Studies show that 93% of online experiences start with a search engine query, which adds up to more than 100 billion global searches every month. There are roughly 4.5 billion web pages in existence, and when an Internet user is looking for one particular result, a search engine like Google will use a complex algorithm to scan those billions of pages.
Websites, search engines, and the algorithms that link the two are all created by people, and unfortunately, many have cultural biases. New evidence has come to light showing that search engines tend to reinforce social stereotypes.
In one example, an MBA student named Bonnie Kamona reported that upon searching for “unprofessional hair for work,” Google produced a set of images that was almost exclusively made up of women of color. Her search for “professional hair” provided images of nearly all white women.
Another Internet user shared that her image search for “three black teenagers” revealed countless mug shots, while a search for “three white teenagers” resulted in pictures of young white people smiling and enjoying themselves.
These two experiences are consistent with professional research on search engine bias. In one such study, researchers conducted Google image searches for specific professions and compared the gender distributions in the pictures with those documented in U.S. labor statistics.

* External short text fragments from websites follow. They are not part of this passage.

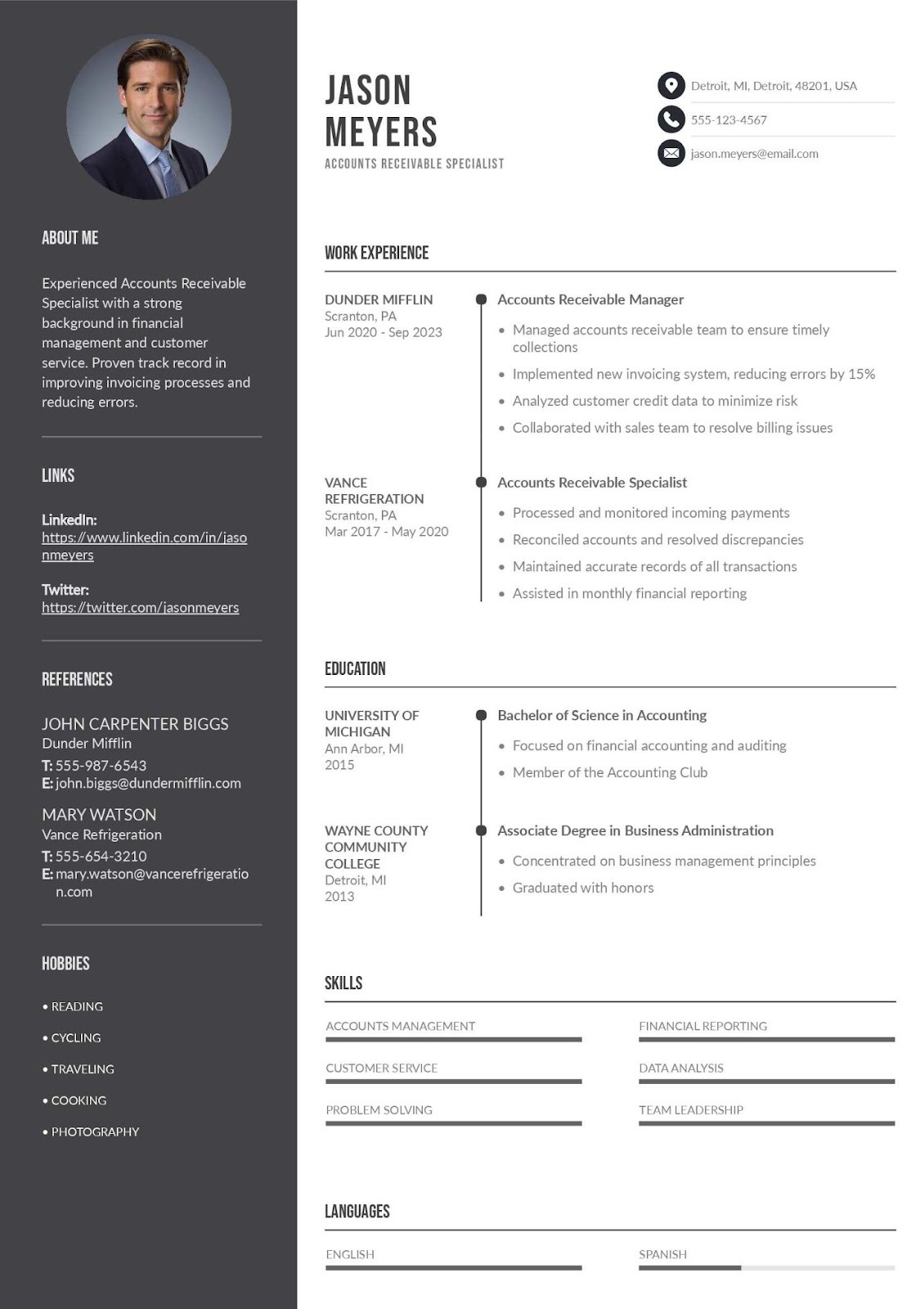 Accounts Receivable Resume Example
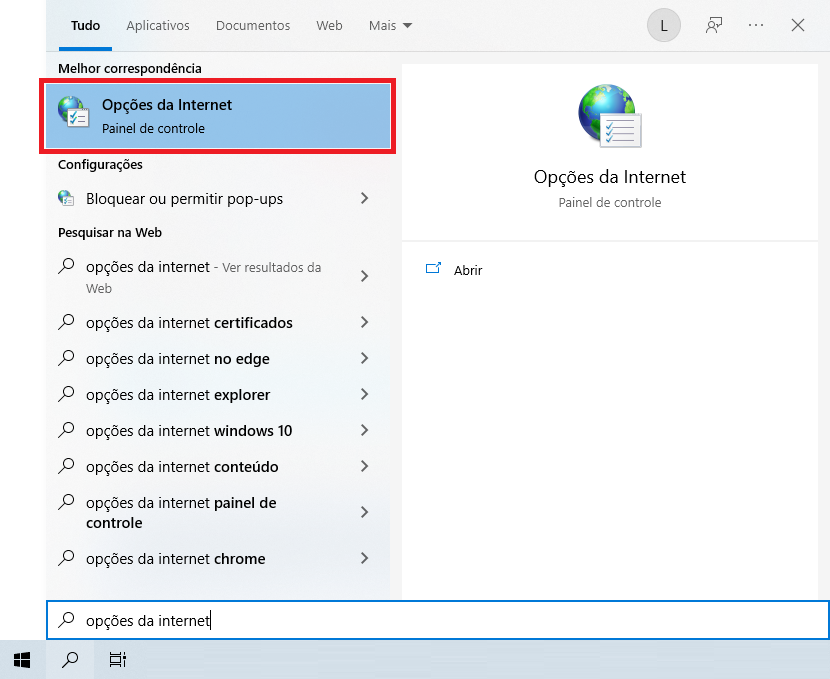 Pesquisa Opções da Internet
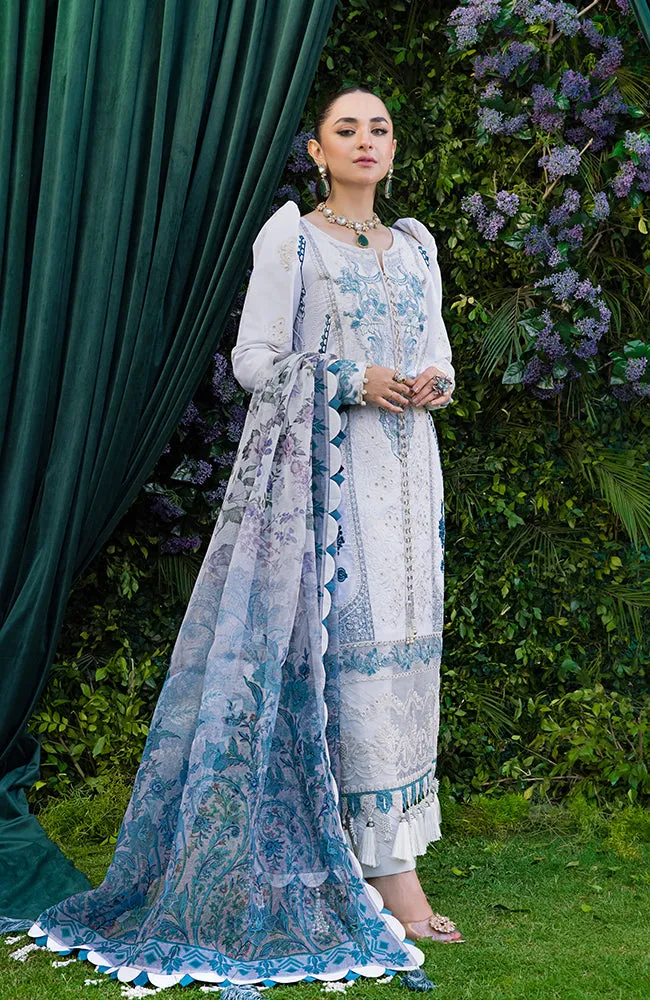 3 Piece Unstitched Luxury Embroidered Lawn-MLL-23-11 | Alzohaib Mahiymaan Luxury Lawn Eid Collection23
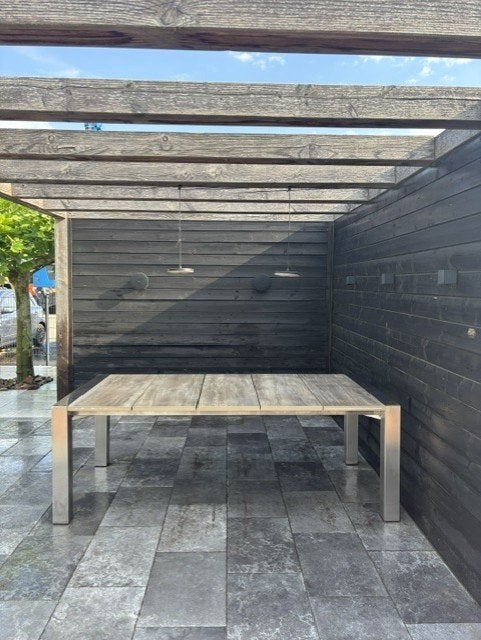 Uitverkoop Keramische Tuintafels 220x110 RVS Frame, Ophalen, Zo goed als nieuw, Rechthoekig, Overige materialen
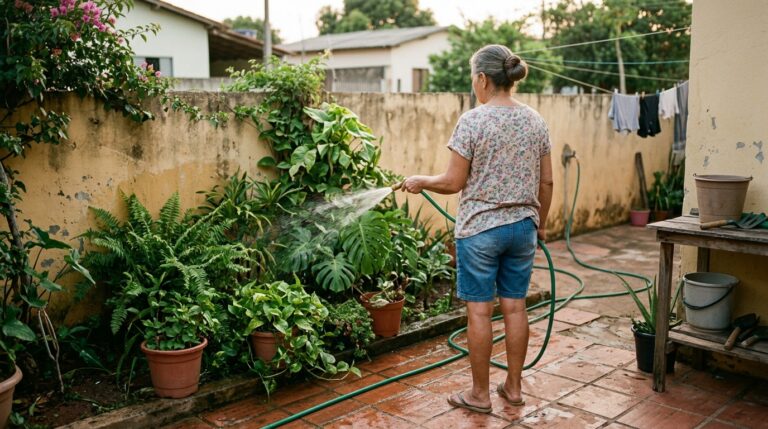 Mulher de costas regando com uma mangueira diversos vasos de plantas, incluindo samambaias e folhagens, organizados no piso de lajota de um quintal ao entardecer.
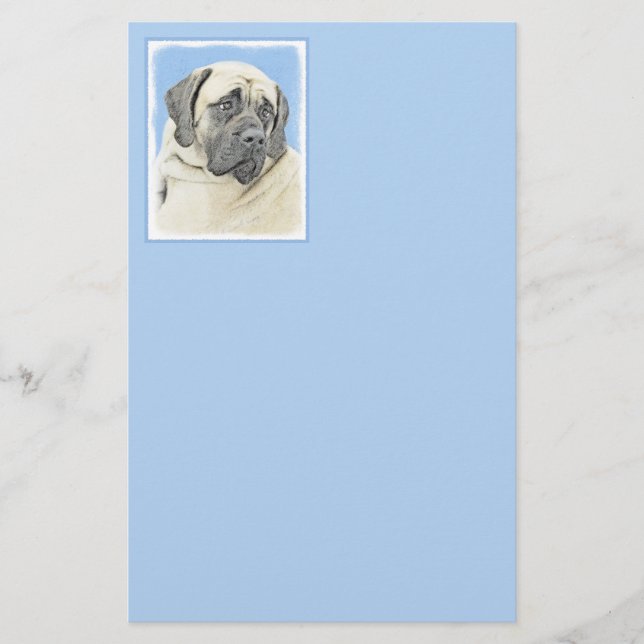 Papeterie Peinture mastiff anglaise (Fawn) - Art original de (Devant)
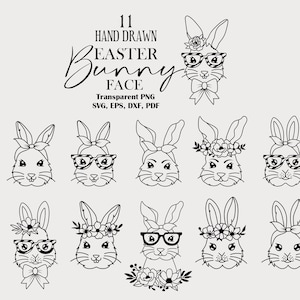 Bunny Svg Bundle, Floral Bunny Svg, Easter Bunny Svg, Bunny with Flower Svg, Cute Bunny Face, Easter Svg Designs, Cut File Cricut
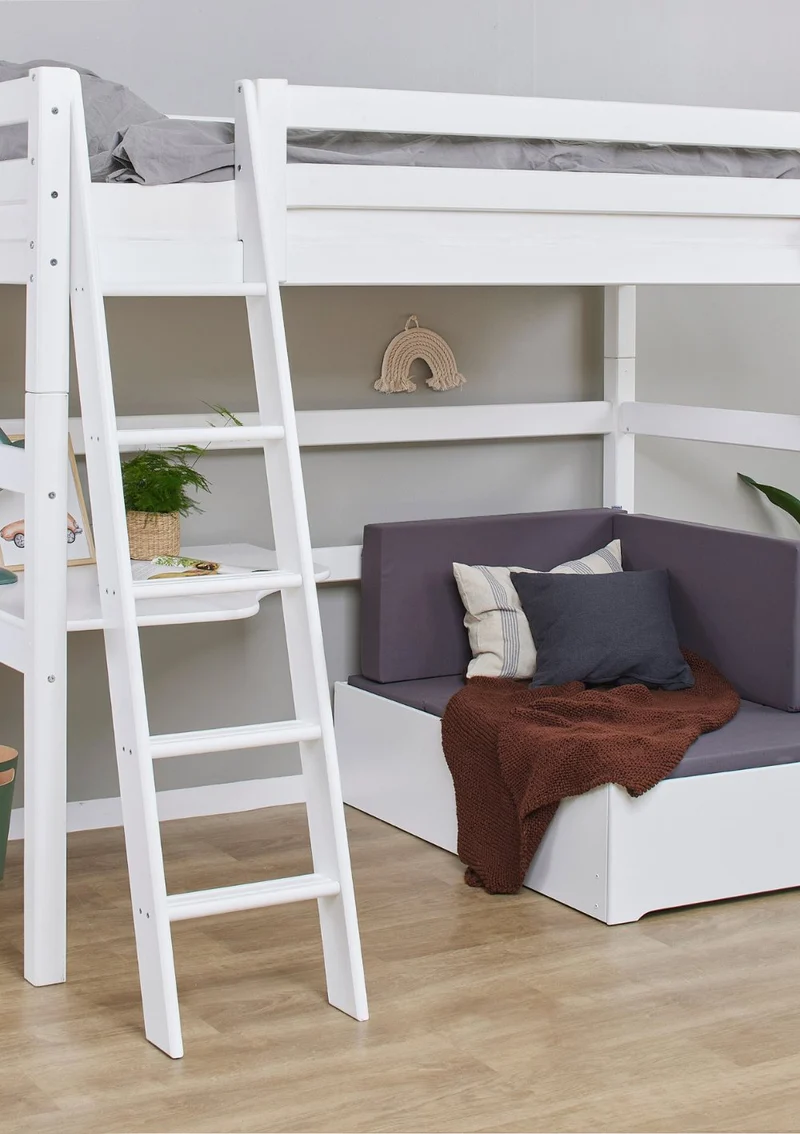 'ECO Luxury' MEGA-Bett mit Schreibtisch & Lounge-Modul weiß 200 x 90 cm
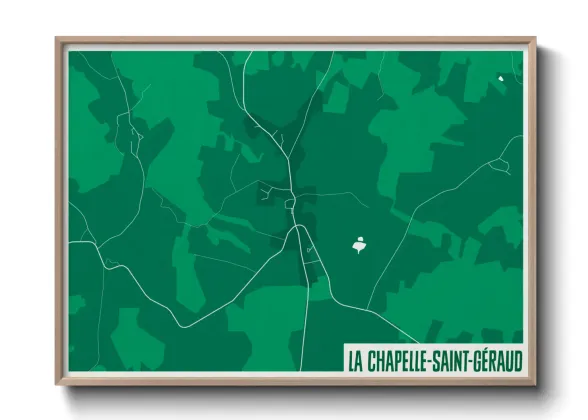 Une affiche de carte sur La Chapelle-Saint-Géraud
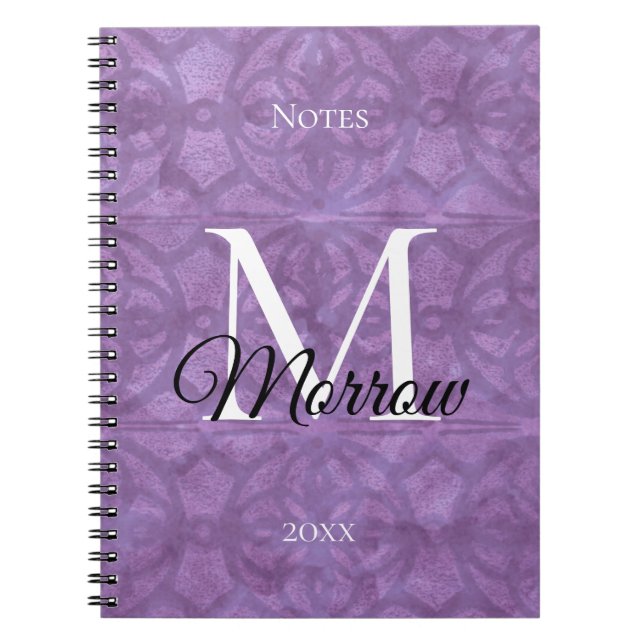 Caderno Espiral Nome e Ano do Batik Roxo Mudo (Frente)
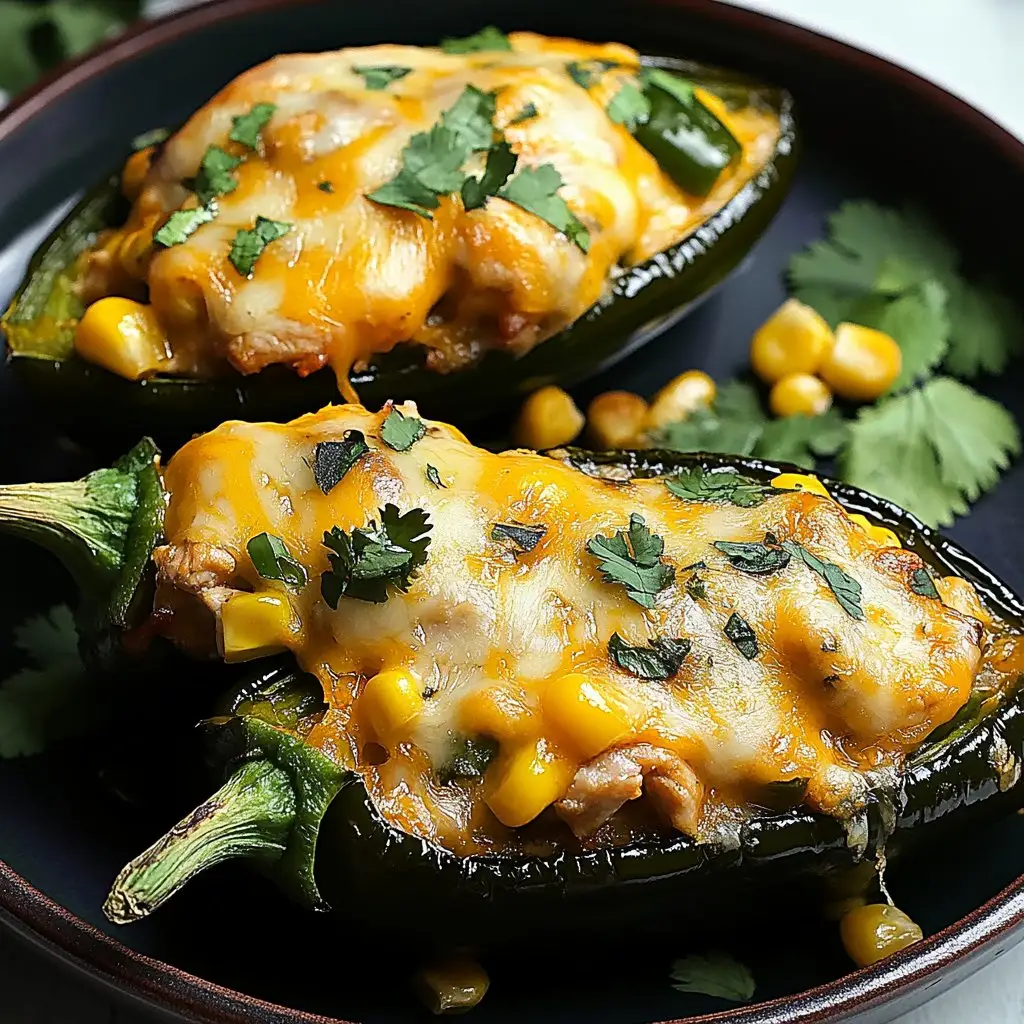 Cheesy Chicken and Corn Stuffed Poblano Peppers Recipe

For example, more men than women were shown in image results depicting “doctors.” The ratio of male to female doctors in real life was clearly not represented in the Google search results. The same inaccuracy could be found in a search for “nurses.” Put simply, the researchers discovered that image search engines were exaggerating gender stereotypes.
Because a search engine is powered by an algorithm and not a free thinking human being, establishing a solution isn’t as simple as telling Google to present less “stereotypical” results. The problem is more deeply rooted than that.
Jahna Otterbacher, an assistant professor of social information systems at the Open University in Nicosia, Cyprus, suggested that search engine developers must begin to “think critically about each stage of the engineering process and how and why biases could enter them.”
Otterbacher also suggested that developers create automated bias detection methods in order to determine if bias is present in a set of results.
“Like us, algorithms can be biased,” she said. “The reasons can be complicated – bad or biased training data, reliance on proxies, biased user feedback – and the ways to address them may look little like the ways we address the biases in ourselves.”